### [DATA BELOW]
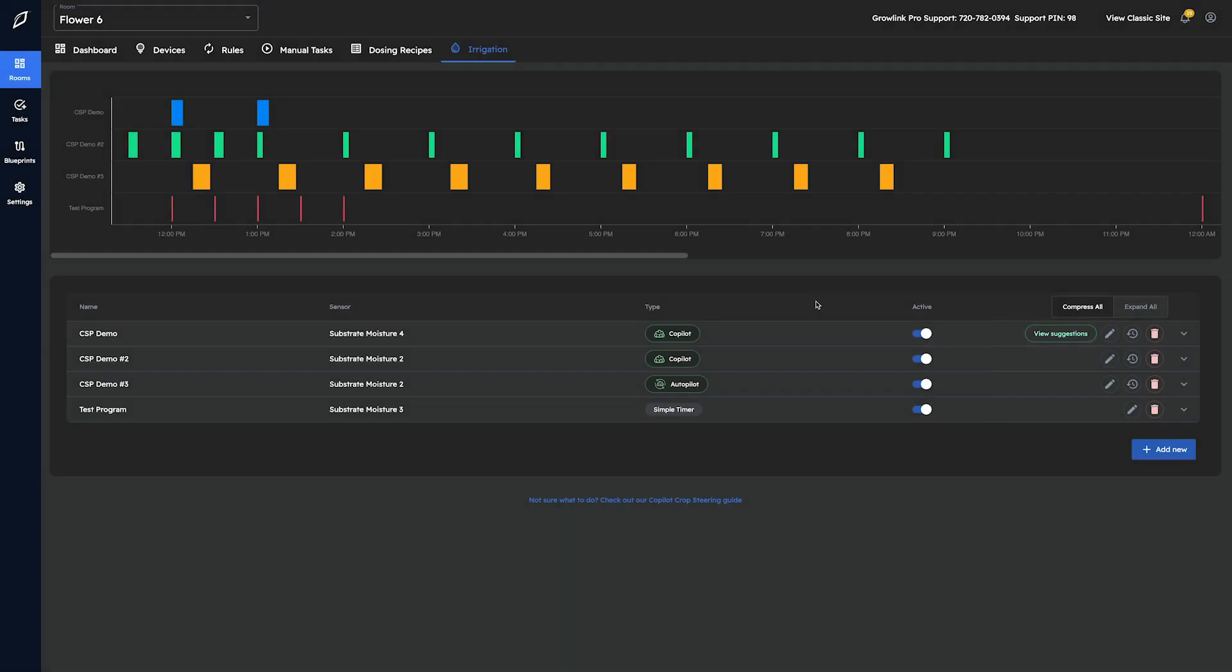We are often asked, what's the best way to switch between vegetative and generative steering using Copilot? Switching is as easy as simply updating your target set points in the wizard and waiting 24 hours for your updated suggestions to take effect.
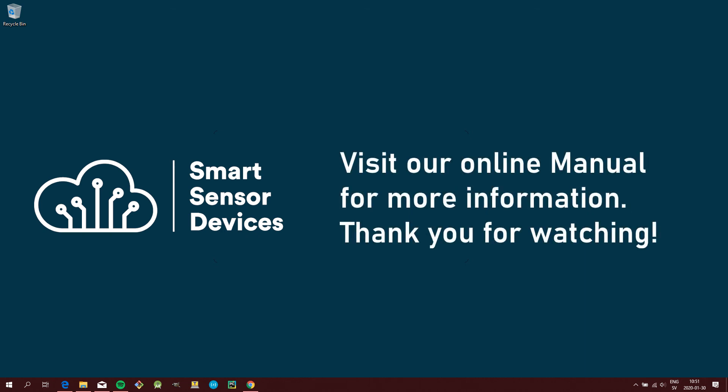That concludes this tutorial. For more information and tutorials, be sure to visit our online manual. Thank you for watching.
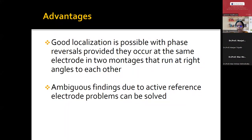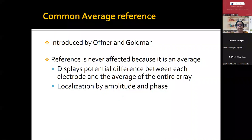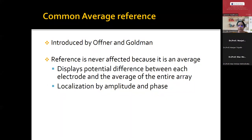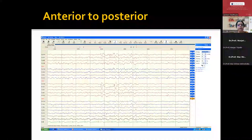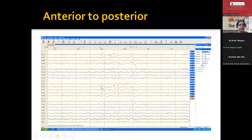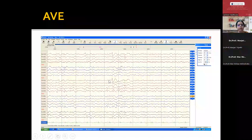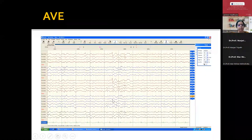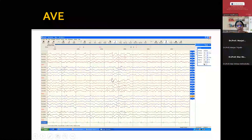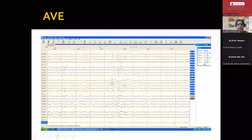If you identify a phase reversal both in a longitudinal and a transverse montage in the same electrode, you are 100% sure that the epileptiform activity is close to that electrode. Another important montage is the common average reference montage, which displays the potential difference between each electrode and the average of the entire electrode array. For example, Fz versus the average of the entire longitudinal array will be calculated. This is an example of an anteroposterior montage showing spikes with maximum surface negativity at F8. In the average montage, you can see nicely the maximum surface negativity at F8, though there are spikes at Fp2 and T4 as well — so this is coming from the right temporal lobe.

### [WORK INSTRUCTIONS]
Quote the data above in full, leaving out the pictures it holds.

### [REPLY TO THE EXERCISE]
We are often asked, what's the best way to switch between vegetative and generative steering using Copilot? Switching is as easy as simply updating your target set points in the wizard and waiting 24 hours for your updated suggestions to take effect.
That concludes this tutorial. For more information and tutorials, be sure to visit our online manual. Thank you for watching.
If you identify a phase reversal both in a longitudinal and a transverse montage in the same electrode, you are 100% sure that the epileptiform activity is close to that electrode. Another important montage is the common average reference montage, which displays the potential difference between each electrode and the average of the entire electrode array. For example, Fz versus the average of the entire longitudinal array will be calculated. This is an example of an anteroposterior montage showing spikes with maximum surface negativity at F8. In the average montage, you can see nicely the maximum surface negativity at F8, though there are spikes at Fp2 and T4 as well — so this is coming from the right temporal lobe.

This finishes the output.